Tech & Media

Why Indie Video Games Can Be Great For Kids

May 19, 2015

Tablets and smartphones give kids lots of learning opportunities—and parents are becoming more and more savvy about how digital devices, kid-specific apps and games and broader tech tools can teach or reinforce reading, math, coordination and critical thinking skills. 

But there's a world of apps and games out there that goes beyond strictly educational. What about beautiful games that are intended just for fun? Or apps that combine stunning visuals and music to create exciting experiences for players young and old? Often called indie or alternative games, these games and apps can wow users with cool, innovative design and promote new ways of thinking and experiencing the world.
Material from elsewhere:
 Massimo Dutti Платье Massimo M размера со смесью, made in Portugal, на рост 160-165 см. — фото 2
A growing group of creators is building new types of experiences that are different from traditional video games and step-by-step educational apps. Many kids will love interacting with these games in a new, non-linear way.
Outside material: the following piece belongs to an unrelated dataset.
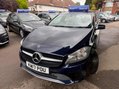 Mercedes-Benz A Class 1.5 A180d Sport (Executive) 7G-DCT Euro 6 (s/s) 5dr 9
Games And Apps Offer Kids A Springboard For Their Own Imaginations

My family loves Metamorphabet, an interactive alphabet book. It begins with a letter "A" that starts ambling and arching itself upwards, then grows antlers before bluebirds land and we move on to the letter “B.” There’s a narrator and great sound effects, but the app embraces a minimalist aesthetic; it’s not as loud or flashy as many mainstream games. It doesn't teach specific lessons and there are no points to be won—it’s just a matter of your child (or you, when they’re not around) working through the letters by exploring and interacting with the animation. My five-year-old especially loves some of the more sinister aspects of Metamorphabet. She giggled when her garden burst into ghosts and her eyes lit up when she vacuumed up a whole village, citizens and all.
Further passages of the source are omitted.